TASK GOAL - Please repeat, exactly as written, every line from the one containing "World of Warcraft: Mists" through the last line of the records, both included, and leave out any pictures.

Content starts

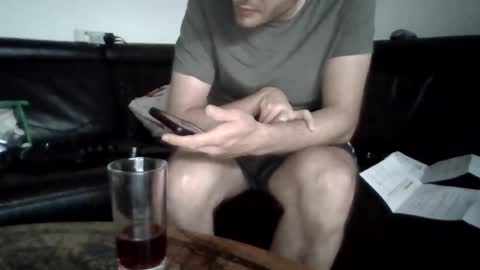 Snapshot of seeebi chatting on 07.07.26 Sebastian online show from 07.07.26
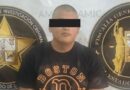 Atrapan a homicida empalmense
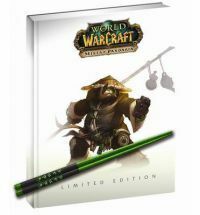 World of Warcraft: Mists of Pandaria Limited Edition Guide by Brady Games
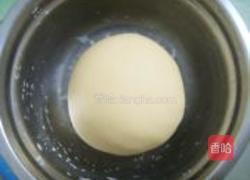 玫瑰馒头的做法图解3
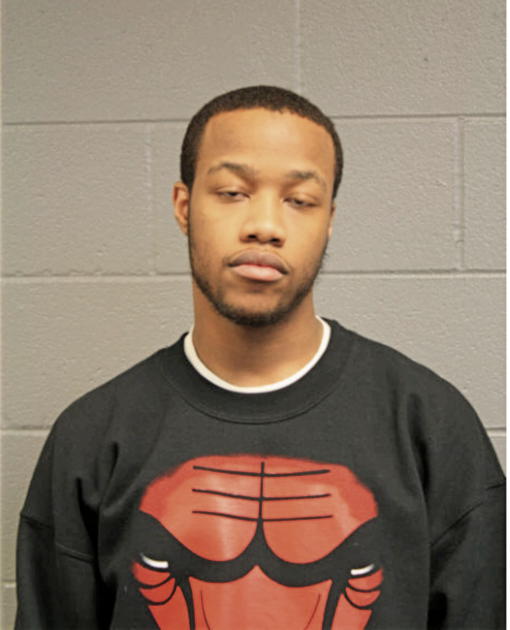 PARNELL A PITTMAN, Cook County, Illinois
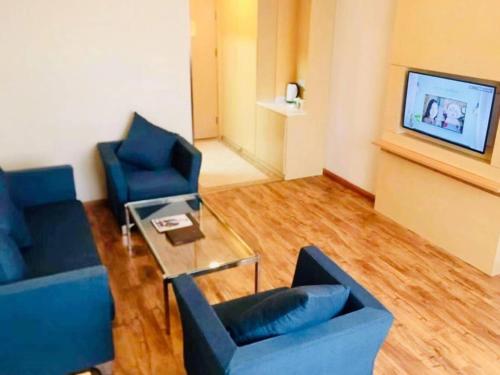 โรงแรมกรีนทรี อินน์ อู๋ซี เขตฮุ่ยซาน เมืองหยู่ฉี ประเทศจีน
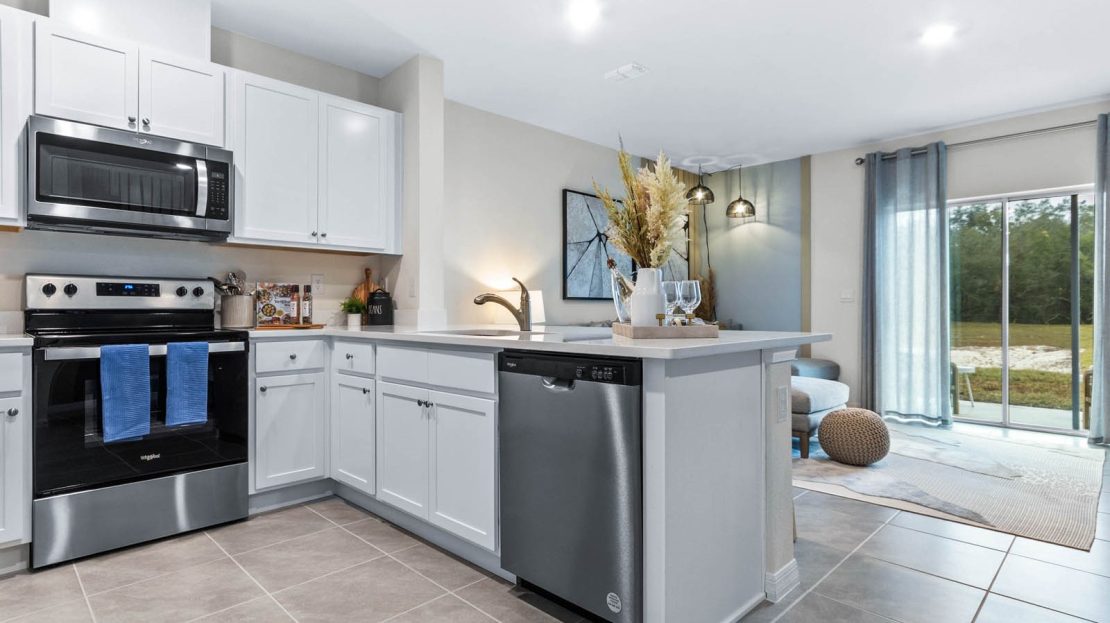 Woodcreek Townhomes Wesley Chapel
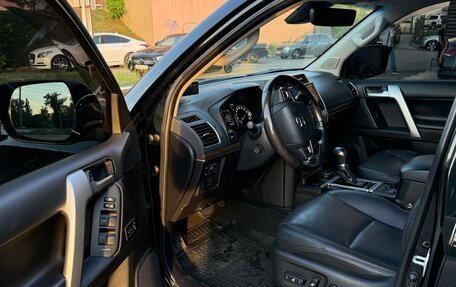 Toyota Land Cruiser Prado 150 рестайлинг 2, 2019 год, 7 450 000 рублей, 14 фотография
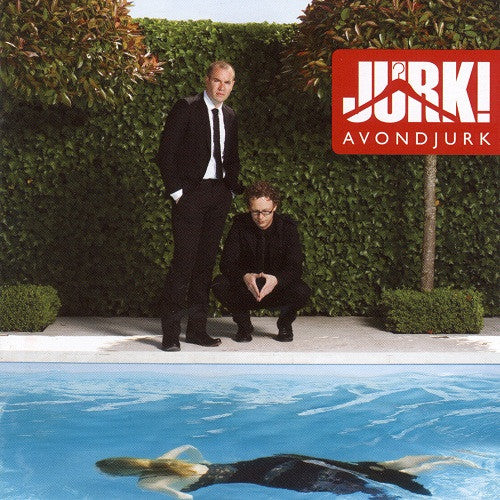 Jurk! : Avondjurk (CD, Album)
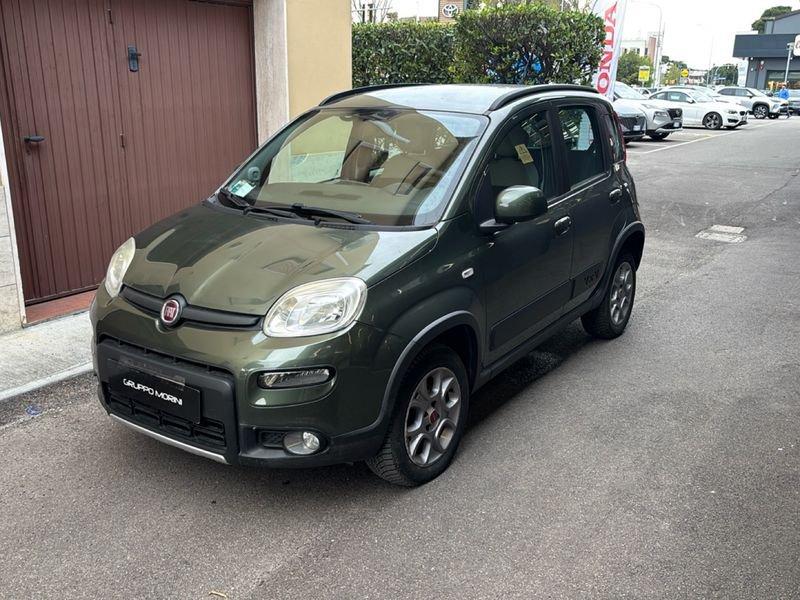 FIAT Panda 1.3 Mjt 16v 75cv S&S 4x4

Content ends

RESPONSE TO THIS TASK -
 World of Warcraft: Mists of Pandaria Limited Edition Guide by Brady Games
 玫瑰馒头的做法图解3
 PARNELL A PITTMAN, Cook County, Illinois
 โรงแรมกรีนทรี อินน์ อู๋ซี เขตฮุ่ยซาน เมืองหยู่ฉี ประเทศจีน
 Woodcreek Townhomes Wesley Chapel
 Toyota Land Cruiser Prado 150 рестайлинг 2, 2019 год, 7 450 000 рублей, 14 фотография
 Jurk! : Avondjurk (CD, Album)
 FIAT Panda 1.3 Mjt 16v 75cv S&S 4x4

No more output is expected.